Zur Erinnerung: Die Inspiration für das Setting dieses Interviews war der Film von Louis Malle „Mein Essen mit André“ (1981). Das von uns gewählte Lokal war aber nicht ein französisches in New York, sondern, wie letztes Jahr, das Plachutta in Wien. Mein Gast, diesmal sogar mit dem passenden Vornamen, KommR Andreas Ubl, Gründer und Chef der IFMS.
Interview: Christian Wolfsberg
Christian Wolfsberg: Wie kam Andreas Ubl zur Reinigung?
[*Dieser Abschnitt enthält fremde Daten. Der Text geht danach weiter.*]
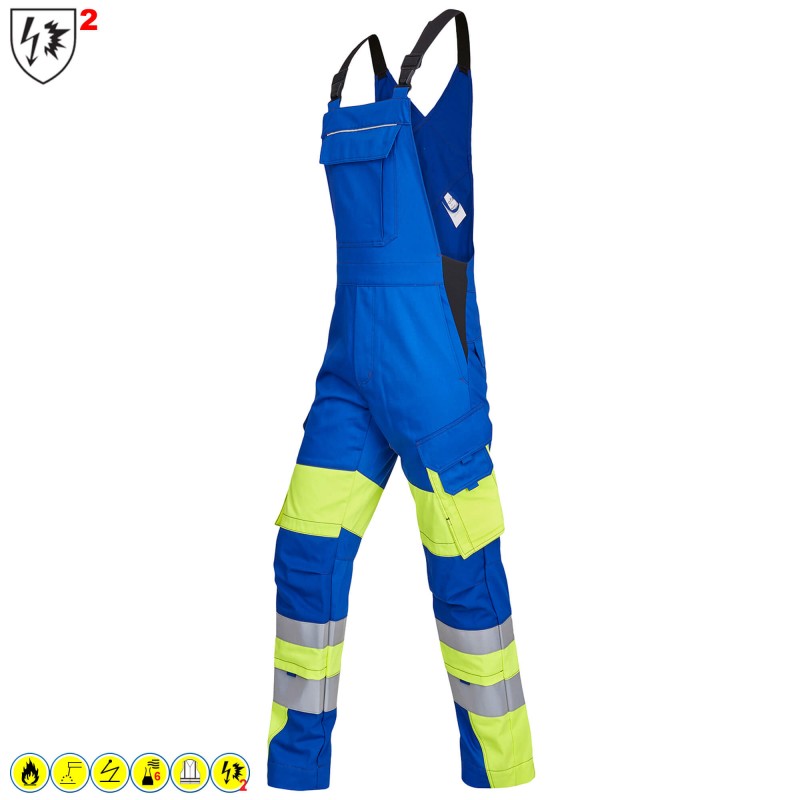 Rofa 2431 Warnschutz Latzhose flammhemmend mit Störlichtbogenschutz APC 2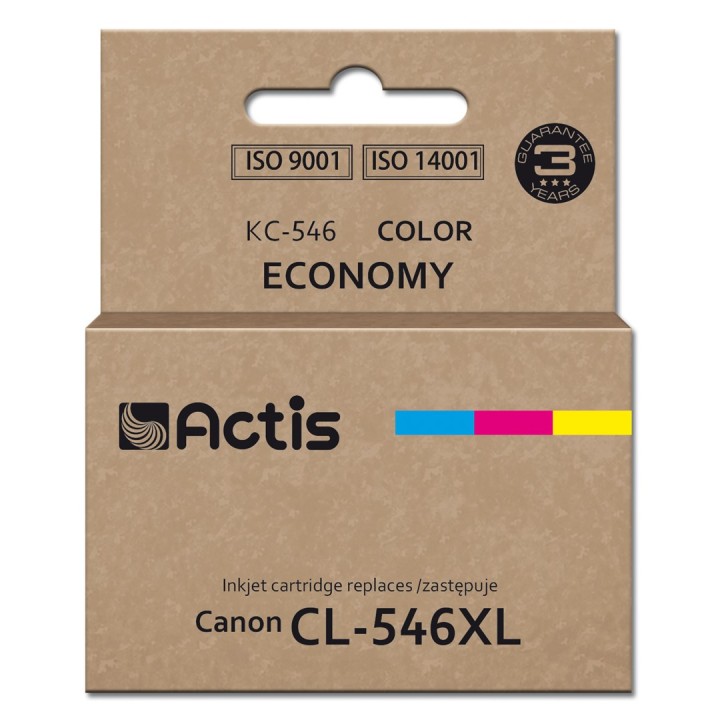 Actis KC-546 Inchiostro (ricambio Canon CL-546XL, Supreme, 15 ml, 180 pagine, magenta ciano giallo)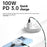 V195C 10Gbps Magnetic Hard Drive Box NVME / 2230 / M.2 Solid State Hard Disk Enclosure with PD3.0 Power Port - 2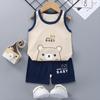 Children Sets Kids Clothes Boys Girls Vest Suit Summer Children's Clothing Baby Cotton T-Shirts Shorts Tank Top Sleeveless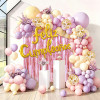 Pastel Balloon Garland Kit Feliz Cumpleanos Birthday Party Decorations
Andreas Ubl: Ganz zufällig. Nach dem Bundesheer habe ich einen Job gesucht und bin bei Dussmann im KH Gugging quasi aufgeschlagen. Dort habe ich ganz unten als Grundreiniger und Fensterputzer begonnen. Nach einem Jahr war ich dann Objektleiter (vom KH Gugging), nach 4 Jahren Betriebsleiter und nach 7 Jahren Niederlassungsleiter von Wien, Niederösterreich und Burgenland mit etwa 1.500 Mitarbeitern. 1997 bin ich zur Firma Fach (Inhaber KommR Erich Fach, damals Innungsmeister DFG Wien) gewechselt, die dann an die DIW verkauft wurde. Eigentlich wären Werner Fach und ich dort als Geschäftsführer vorgesehen gewesen. Nach einem wirren Besetzungs-Hin-und-Her haben wir uns im Juli 1998 mit dem Gebäudeservice W. Fach selbständig gemacht. Nach dem frühen Tod von Werner Fach ist Erich Fach wieder in die Firma zurückgekehrt – bis März 2013 ist das gut gegangen. Ich bin dann freiwillig ausgeschieden und habe die IFMS gegründet, indem ich die Firma Pfaffinger mit 27 Mitarbeitern übernommen habe. Dann haben wir einfach gehackelt wie die Wahnsinnigen. Im ersten Jahr setzten wir etwa 6 Millionen um. Aktuell liegen wir mit etwa 900 Mitarbeitern bei 35 Millionen.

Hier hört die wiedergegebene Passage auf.